Nexus One vs HTC Desire vs HTC Incredible: What's the Difference?

By Ryan Whitwam

HTC is releasing more Android phones all the time, but is there a difference?


Nexus One, Incredible, and Desire are all very similar phones, but there are some differences of note that will matter if you're tied to a certain carrier. We'll go over what's exactly the same and what's different between these models so you can make an informed decision when purchasing your next smartphone.

3.7-inch AMOLED capacitive touchscreen display with a native 480x800 resolution. We'd wager these are the exact same panels, in fact. But the buttons around the this screen is where you'll notice the first differences. The Incredible and the Desire both have optical trackpads for navigation, while the Nexus One is rocks the trackball (like a last-gen Blackberry). In that same region, the Nexus One and Incredible have capacitive buttons for Home, Menu, Search, and Back. The Desire has real physical buttons that click, which is useful if the vibration feedback isn't enough.  The Desire and Nexus One also have identical 5MP cameras, whereas the Incredible has upped the ante with a 8MP sensor with auto-focus and dual-LED flash.

All three handsets run on a 1GHz Qualcomm Snapdragon CPU. In terms of memory, the Nexus One has 512MB of RAM while the other two phones get a little boost with 576MB of system memory. One very interesting hardware feature on the Nexus One that is not replicated in the other two is the dual mic system.

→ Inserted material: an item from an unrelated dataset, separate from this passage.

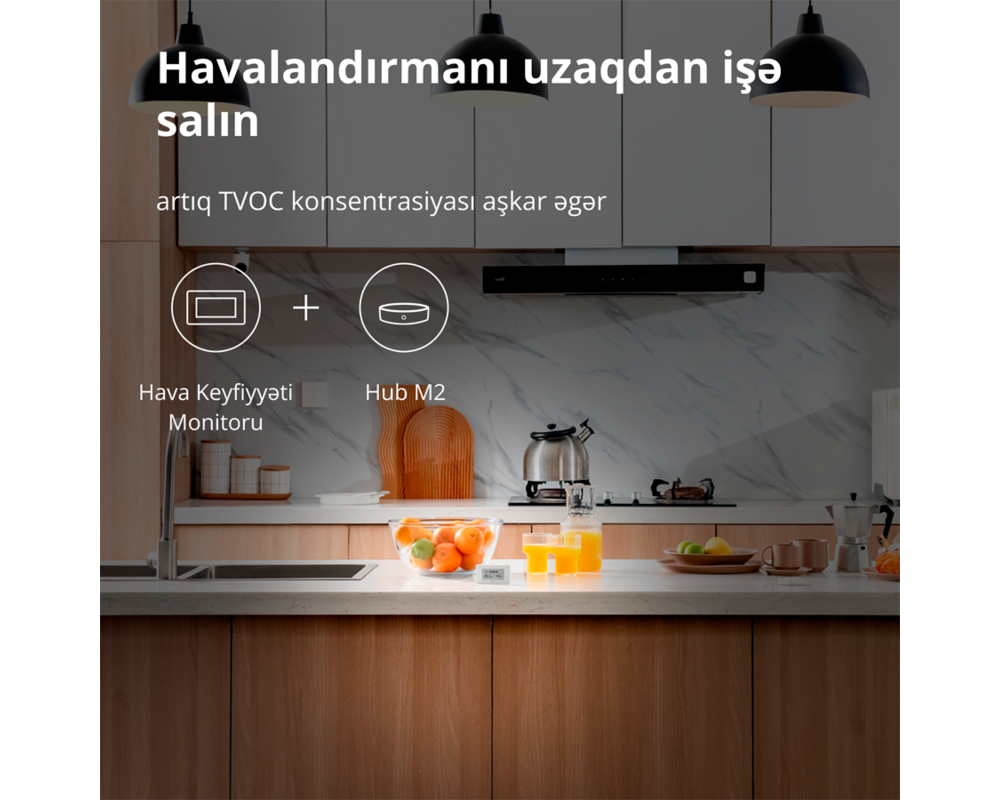 Smart Home Aqara TVOC Air Quality Monitor: Model No... 44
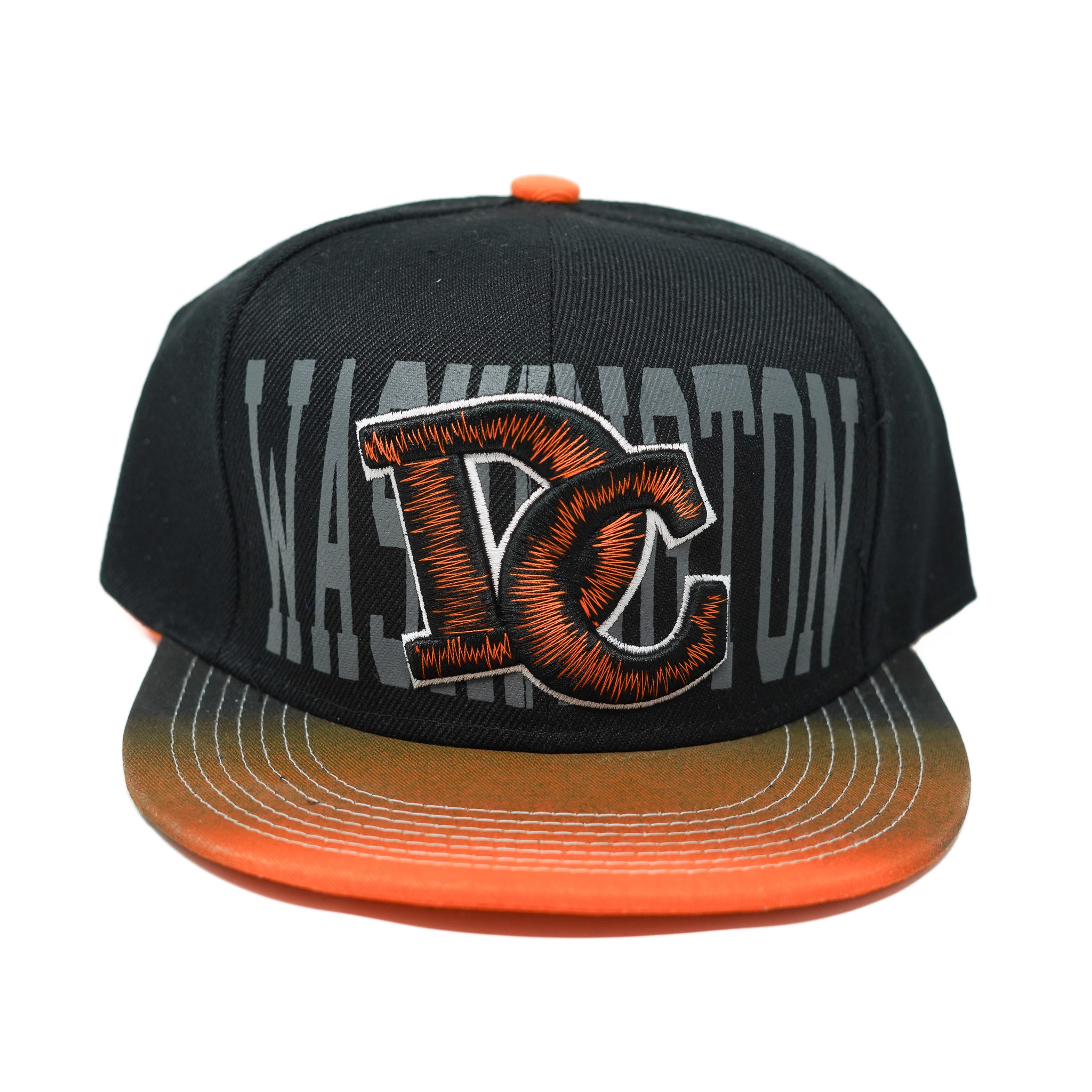 Washington DC Two Tone Snapback Caps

The Nexus One has a second mic on the back of the phone that samples ambient noise and filters it out. This feature is missing on other HTC phones, though we don't know how effective it is at actually blocking out background noise when making calls or using voice commands.

When you turn the phones on, another big difference surfaces: the software. The Nexus One runs the stock Android 2.1 OS (Eclair), while the Incredible and Desire run the proprietary HTC Sense UI on top of Android 2.1. Sense UI is a replacement interface for much of the operating system's user facing functionality. It offers more usable space on the home screen, better media apps, and a streamlined number dialer. As we've said before, it's a stunning visual experience, and has attracted a huge following among Android users. All the shiny pretty things in Sense might be enough to convince some the Desire and the Incredible are better phones. However, The Nexus One is likely to see faster OS software updates, as HTC must develop and test new versions of the Sense UI before rolling new versions of Android out to the public.
 
the key difference is a common one with all phones: carrier support. With the Nexus One has the largest domestic network support, and is currently available for the T-Mobile and AT&T networks, with CDMA versions for Verizon and Sprint promised in the near future. A Vodafone version is on the way as well to serve European customers. The Incredible is on its way to Verizon, and the rumors have it pegged for later this month. The Desire is a different beast entirely. It is currently available on several carriers in Europe like T-Mobile UK and Orange, with a Vodafone edition maybe on the way. There's no official word on a stateside release, but HTC did say in their MWC talk that, " HTC Desire has been accepted by almost every key carrier in every key country we work with". There are rumors that the Desire could come to T-Mobile in the US as the HTC Bravo. As if there weren't enough intrepid, dynamic smartphone names to remember.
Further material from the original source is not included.